Our new release The Many That I Am: Writings from Nagaland, published in collaboration with the Sasakawa Peace Foundation under the Fragrance of Peace project (2018-19), hit shelves in the first week of the month. Written by Anungla Zoe Longkumer, it brings together a remarkable set of stories, poems, first-person narratives and visuals that reflect the many facets of women’s writing in Nagaland.

A discussion around sexual violence and resistance was organised in collaboration with the Department of Sociology, South Asian University, New Delhi, with Urvashi Butalia, Kathmandu based theatre artist and activist Ashmina Ranjit and Mallika Shakya. The discussion, besides being centred around the books A Difficult Transition:The Nepal Papers and Silence No Longer: Artivism of Ashmina, also touched upon the personal experience and activism of the panelists.

Various performances were held in Bengaluru and Imphal under the Stepping Stones and Body of Evidence projects. In Bengaluru, students of Azim Premji University and trans activist Shilok performed pieces that looked at sexual abuse and injustice at the Undergraduate Campus, Azim Premji University, Bengaluru. In Imphal, the performances were held at Law College Imphal and D.M University. Led by National School of Drama graduate Yengkokpam Purnima Devi, a team of theatre artists touched upon the justice system, the idea of the ‘perfect victim’, the state, and impunity through their performances.

September also saw the launch of our new weekly series on social media called #WednesdaysForWomensHistories, where we share e-Essays with you every Wednesday, written by the 2018-2019 grantees of our Zubaan-Sasakawa Peace Foundation Grants for Young Researchers from the Northeast. All the essays in this series centre around the broader framework of women’s multiple histories and gender in the Northeast.
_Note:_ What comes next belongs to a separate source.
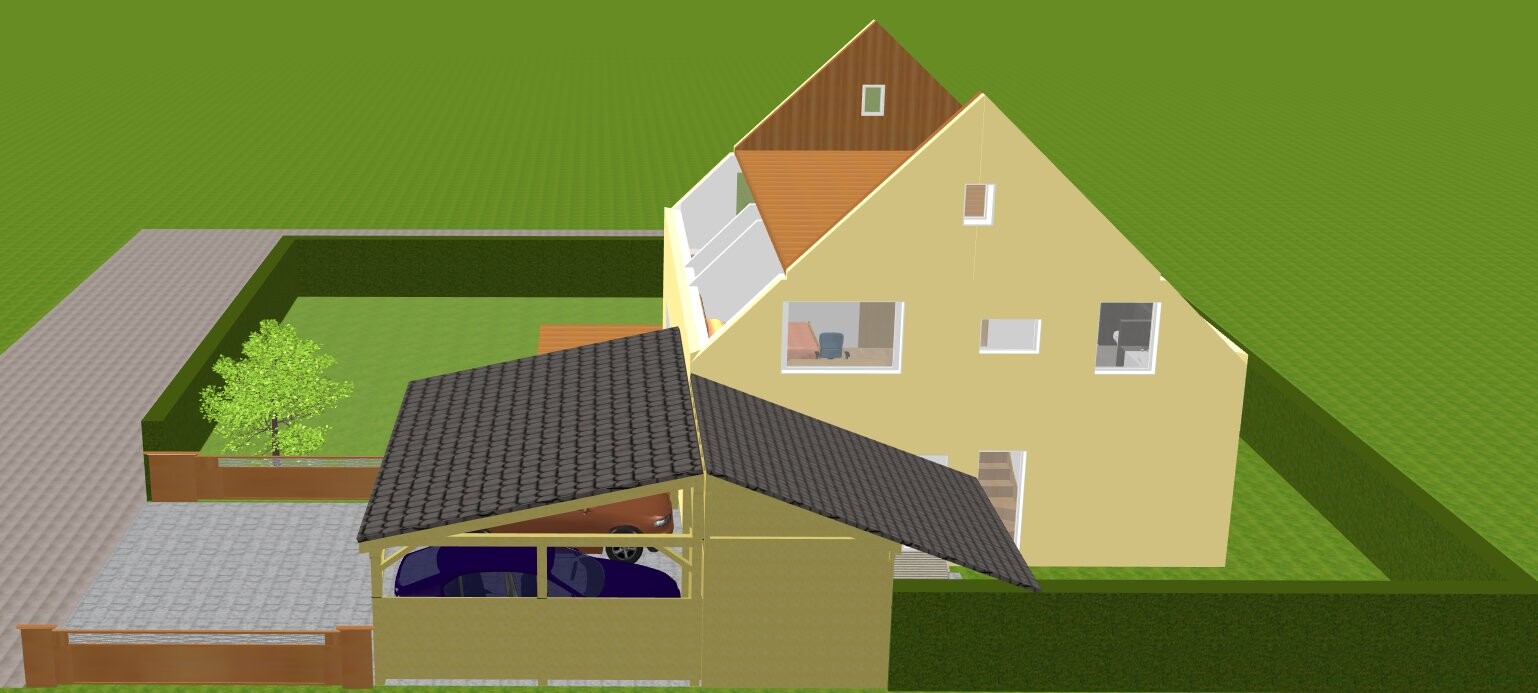 Isometrische 3D-Darstellung eines gelben Wohnhauses mit Carport, Garten und Zaun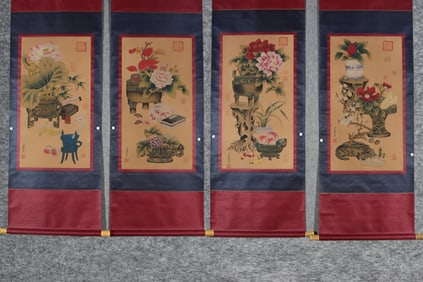 A Set of Chinese Vertical Scroll Ink Paintings of Flower on Paper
Last but definitely not the least, we hit a follower milestone of 900 followers this month. Thank you for all the support!


 

August has been a great month for us!

In the first week of the month, 5 performances on sexual violence and impunity were held in Shillong under the Stepping Stones and Body of Evidence projects. The performances were an extension of the group’s first performance at the Guwahati Open Studio held in June. The performances also touched upon oppression, stereotypes, and the process of confronting memories of sexual violence and trauma.

Last month, we announced the grantees of the Zubaan-Sasakawa Peace Foundation grants for young researchers from the northeast (2019-2020). In August, a writing workshop was held for them in Guwahati. Through the grant process and methodology workshops, we endeavour to provide academic and structural support to the grantees.

We also continued our State Impunity series on Instagram, where we posted extracts from one of the books in our volumes on Sexual Violence and Impunity–Fault Lines of History: The India Papers II. The chapters, The chapters, written by Sahba Husain, Guneet Ahuja and Parijata Bhardwaj, looked at how militarisation and state impunity in Kashmir and Chhattisgarh has created an atmosphere of repression and violence. 

We interspersed the posting of the extracts with content from our Poster Women Archive, which serves a visual mapping of the women’s movement in India through the posters and visuals the movement has produced. The posters we used on Instagram addressed state impunity in particular, but if you want to access the whole archive, make sure you visit the Poster Women website!

We also hit a follower milestone of 800 followers! We sincerely appreciate all the love and support we’re getting.